Convocar al pueblo a manifestarse siempre tiene fundamento por sí mismo y supera cualquier argumento desde las funciones constituidas, entre esas la propia Constitución vigente. Porque el principio, la fuente de donde emana el poder es el poder constituyente. Entonces surge una pregunta: ¿La fuente es el pueblo o la nación? Para esta consulta todos buscan que el soberano se pronuncie a su favor. Siempre hay una disputa entre lo político -como la visión que conduce a la nación- y la política como la misión del pueblo de hacer real esa visión. Hay una clara confrontación de los tiempos históricos. Cuando invocan al pueblo invocan a los ciudadanos a que intervengan en una coyuntura donde los intereses políticos están en pelea; entonces el pueblo sabrá dirimir y definir lo que habrá que hacer. Sin embargo, la nación, no necesariamente habla, se manifiesta, cuando el pueblo se pronuncia.

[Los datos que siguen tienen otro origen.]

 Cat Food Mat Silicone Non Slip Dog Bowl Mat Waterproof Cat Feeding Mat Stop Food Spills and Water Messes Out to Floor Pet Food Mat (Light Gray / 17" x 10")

El pueblo puede, legítimamente, motivarse a refrendar un poder representado en las instituciones, pero está implícito el riesgo permanente del olvido histórico. Siempre se ha repetido que tenemos una mala memoria histórica y la consecuencia es que la nación, como el todo histórico concreto, salga repetidamente en desventaja. La nación, bien lo decía un intelectual, está en ciernes. Hemos llegado a defender el principio de la soberanía nacional, pero dejando de lado a la nación. Nos vemos encantados cuando se nos convoca como pueblo y nos desencantamos cuando se traiciona nuestra voluntad.

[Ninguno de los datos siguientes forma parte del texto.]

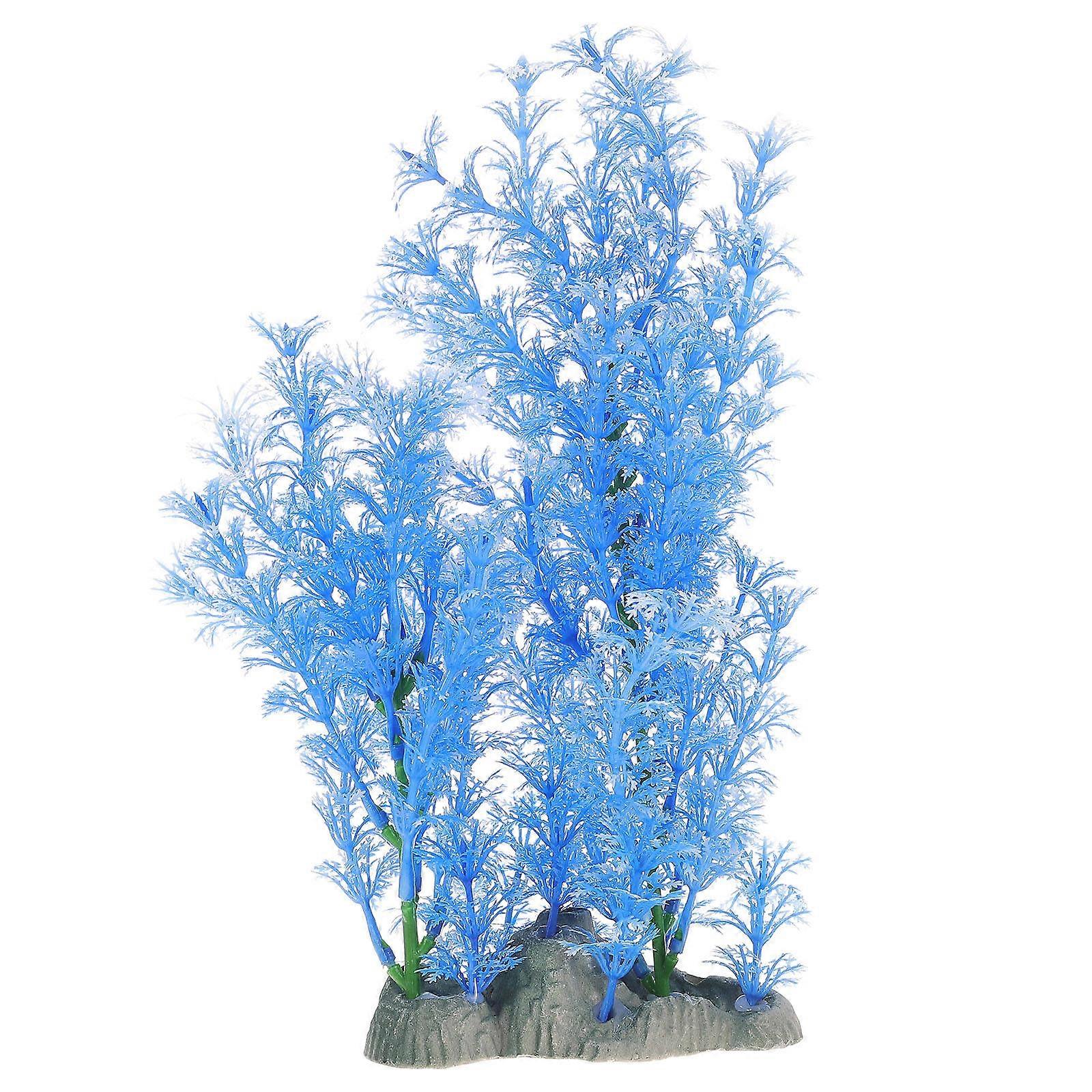 Fish Tank Decorations Landscape Grass for Underwater Blue White Realistic Shape 27x9cm 1Set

La nación, tradicionalmente, se ha manifestado como el desencanto de lo decidido por el pueblo. La larga lucha es por hacer concordante la nación y el pueblo. Que la voluntad soberana del pueblo no termine traicionando el poder inalienable de la nación. La nación no es voluntad inmediatista, sino cada espacio de organización política, social o comunal, que casi siempre está en discordia con el Estado, aunque no con el gobierno de turno.